Antes de migrar para la Cabimas
petrolera asimiló mucho la cultura, las costumbres, incluso la narrativa oral
como diría un especialista, pero también personajes y leyendas de todos esos pueblos y -más aún- del que sería su
punto de arranque hacia el Zulia: Mene de Mauroa; allí continúan familiares suyos
y míos en actividades y crianza de ganado y caballos. Siempre recuerdo el
respeto tácito que tenía Publio, por ejemplo, por Jesús Farías, como viejo
luchador de aquellos proyectos vinculados a las ideas de izquierda y dentro de
esos contextos y temporalidad. También, las continuas narrativas de él y su
madre, mi abuela Ana, sobre las
actividades y propiedades de hermanos de ella.
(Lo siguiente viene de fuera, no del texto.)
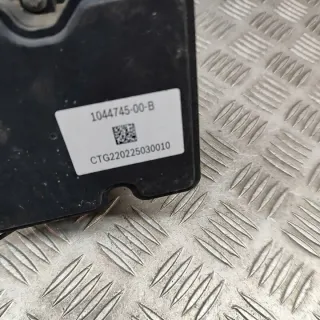 104474500B Блок ABS Tesla model Y Арт e12460711, вид 6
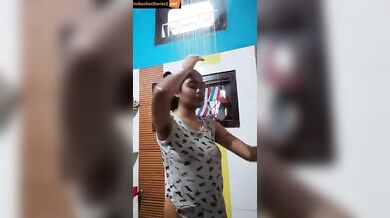 Sexy hostel girl kajal showing her chut while taking bath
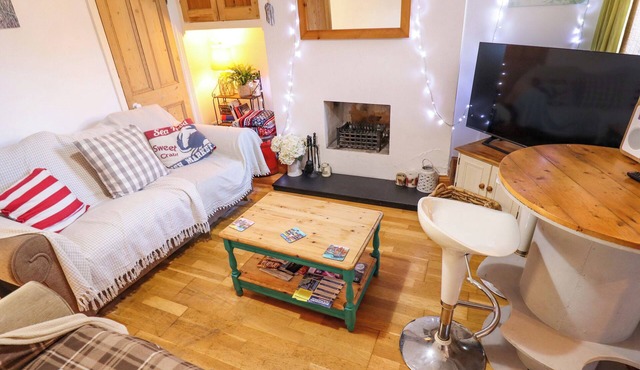 SEASIDE COTTAGE, pet friendly, country holiday cottage in Cleethorpes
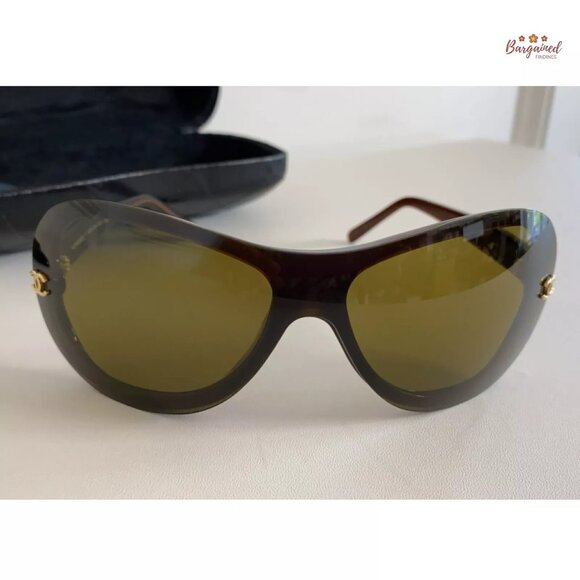 Authentic CHANEL Brown Frame Goldtone Chanel "CC" Logos Tint Sunglasses - Picture 10 of 12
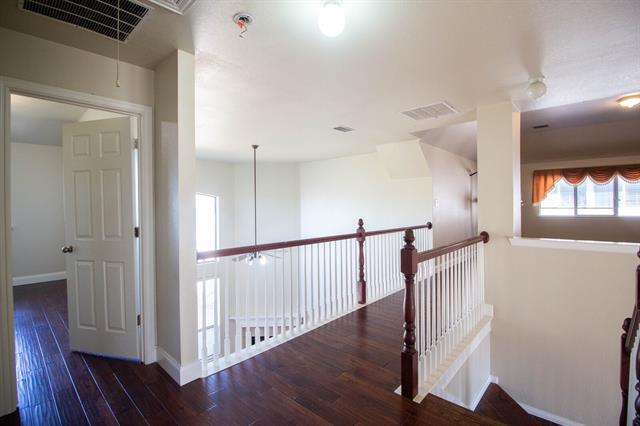 Building Photo - 1127 Ranch Vista Dr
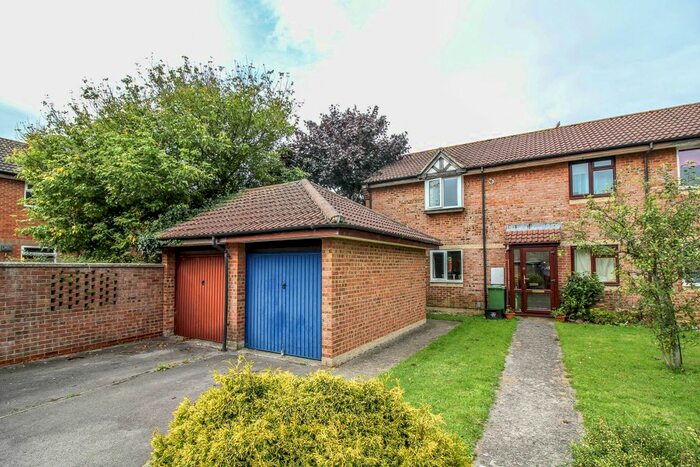 2 Bedroom End Of Terrace House To Rent In Courts Barton, Frome, BA11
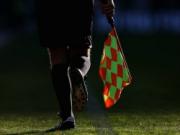 Trọng tài biên bị cầu thủ đánh chết trên sân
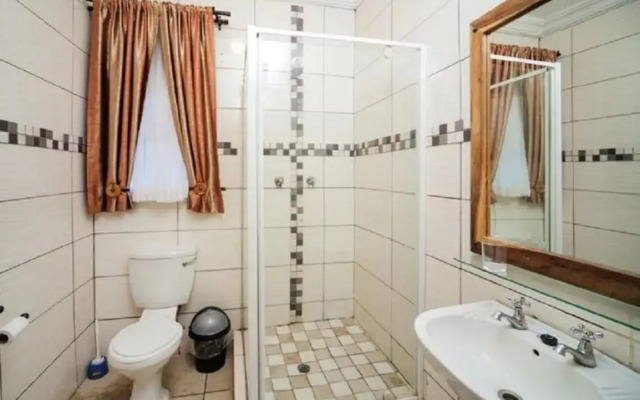 Ivory Tusk Travel Lodge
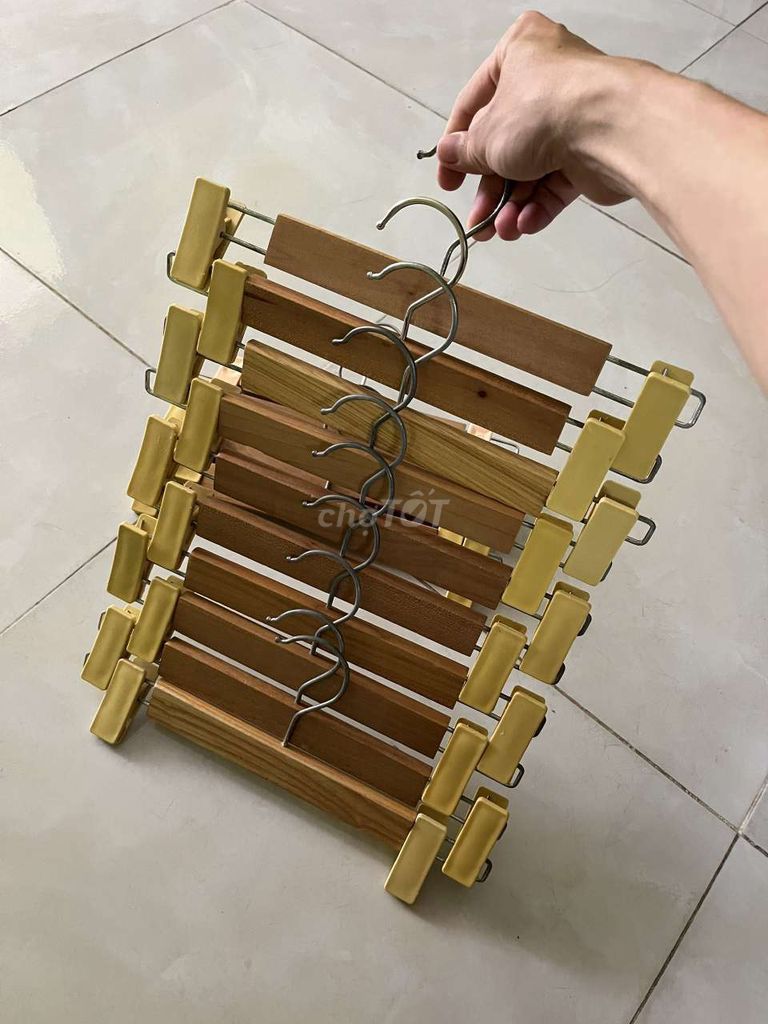 Thanh lý móc kẹp gỗ quần áo. Mua bán Phụ kiện thời trang khác tại Quận Ngũ Hành Sơn Đà Nẵng được đăng bởi Cô Trương hình 1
Inventar requiere habilidad y
destreza[1]
misma, se construyen rutinas y se abren nuevos caminos o alternativas. Se
inventa, se crea. En mi grupo familiar de origen se lo observé a mi padre y al mayor de mis hermanos llamado igual. Dentro de las habilidades
de inventar pequeñas cosas que tuvo mi padre, hubo una que me sorprende cada
vez que la recuerdo a pesar de haber sido un fracaso. En aquellos lugares de
origen que mencionamos, existe un fruto llamado lefaria y que es cercano a otro que llamaban dato y, los dos, pueden percibirse más fácilmente si los ubicamos
como frutos de algún tipo de cactus o tuna. El primero de ellos es de color
verde claro y el segundo rojizo; ambos tienen en su centro una especie de pasta
gelatinosa con muchas pepitas negras y todo ello tiene un sabor dulzón,
digamos que término medio. Es muy comido por humanos y por aves. El cactus,
como saben quiénes se le hayan acercado es espinoso y las lefarias no siempre
están al alcance de la mano.
Publio debe haber pensado durante
mucho tiempo el invento que iba a crear, pues fue solo promediando los cuarenta
años, cuando se dio el invento del caso. Vivíamos en la Cabimas petrolera
comenzando los años sesenta y mandó a hacer -imagino que con un herrero- una
especie de flor abierta conectada a un tubo largo. La idea obviamente era la de
que en la especie de flor abierta alargada entraría el fruto de apetencia desde
niño y él, al girar la pieza, pudiera desprenderla del cactus. Un día, decidió
probar el instrumento, invitando una tarde a los tres hermanos varones (mis dos
hermanos y yo) y a un primo, a una especie de bosque de tunas de esos que hay en
las zonas falconianas/zulianas. Llegamos allí en su camioneta, con mucha
emoción y curiosidad; en mi caso, un niño de cinco años y todos los demás
mayores que yo. La valentía y el entusiasmo no podían ser mayores y nos
adentramos en el bosque. Cuando ya había comenzado el intento de desprender las
lefarias apareció un enjambre insectos voladores, como pequeñas avispas, abejas o abejorros y
empezaron a picarnos, siguiéndonos hasta la camioneta. Nos encerramos vidrios
arriba, veíamos los insectos que revoloteaban afuera y nosotros empezamos a
reírnos. El trayecto de regreso lo recuerdo muy gracioso, porque fue repetir y
repetir el incidente, reírnos y descargar nuestro susto. Más nunca se volvió a
hablar del instrumento, ni de intentar nuevamente nada al respecto, pero tampoco
del incidente.
Publio, de inspiración comerciante
como dijimos, presentó ejecutorias exitosas en la Cabimas petrolera. Tuvo
numerosos amigos “turcos” (así se le llamó durante tiempo en Venezuela a todo
aquel que viniera de Turquía, Siria y otros países cercanos) y con ellos
aprendió mucho, aunque quizás no todo lo que tan acendrado tienen habitantes de
tales lugares en cuanto al comedimiento y la frugalidad. Alcanzó éxito y -en
pocos años- tenía activos importantes y en variados ramos –tal cual señalamos-
aunque su perdurabilidad en el tiempo presentó ciertos altibajos y, en uno de
ellos, nos fuimos a vivir a Ciudad Ojeda -o más específicamente a una zona en
su periferia-. Esta zona y ciudad Ojeda eran bonitas, tranquilas y ordenadas.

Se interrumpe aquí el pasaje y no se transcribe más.